Looking at profits and losses—long positions have an overall floating loss of $43.7361 million, while shorts have a slight profit of $2.6995 million. 50.36% of the positions have earned less than $300 million, while the opposing 49.64% longs have lost nearly half a billion.
The worst is not even the overall data.
Address 0x6c85..f6, this giant whale, went all-in long ETH at 20x leverage at a price of $2,265.44, with unrealized losses of $5.9578 million, nearly $6 million floating loss, still holding on stubbornly.
Meanwhile, on Hyperliquid, another whale named Evaded is simultaneously 10x long on ZEC and HYPE, with a total position value of $24 million, becoming the platform's largest ZEC long and making a killing.
Same platform, same market, the long-short battle has completely torn apart—50% are profiting, the other half bleeding.
What is the market like now?
$BTC has fallen below $77,000, $ETH lost $2,100, over 100,000 people globally have been liquidated, totaling $650 million, with 96% of those being long positions liquidated. Oil prices have surged past $110, Fed rate cut expectations have completely vanished, and US stock futures have crashed across the board. The entire market is falling, yet the two giant whales on Hyperliquid are slashing at each other with $4 billion.
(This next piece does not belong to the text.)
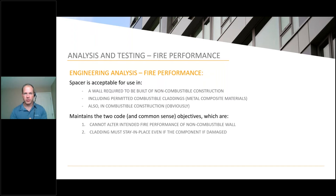When we studied this approach, any such spacer needs to maintain two code objectives and two common sense objectives, which are fortunately one and the same in this scenario. Those objectives are: the use of the spacer cannot alter the intended fire performance of that non-combustible wall — it doesn't need to make it better, but it cannot make it worse. It needs to be kind of invisible in terms of fire performance, and even if the component is compromised, the cladding stay-in-place capability has to be maintained no matter what.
Do you think this is a bottom-fishing opportunity?
Look closely—longs burned $43.73 million, shorts only earned $2.69 million. Want to make money? You have to be on the 50.36% side.
This long-short deadlock has reached a boiling point; whoever gives up first will be the one harvested.
Stop blindly trusting the big players' bottom positions. Even a 20x leveraged whale is just meat on the chopping block.
To survive, either stand on the right side or don't bet at all.
Otherwise, the next -$5.95 million loss could be in your account.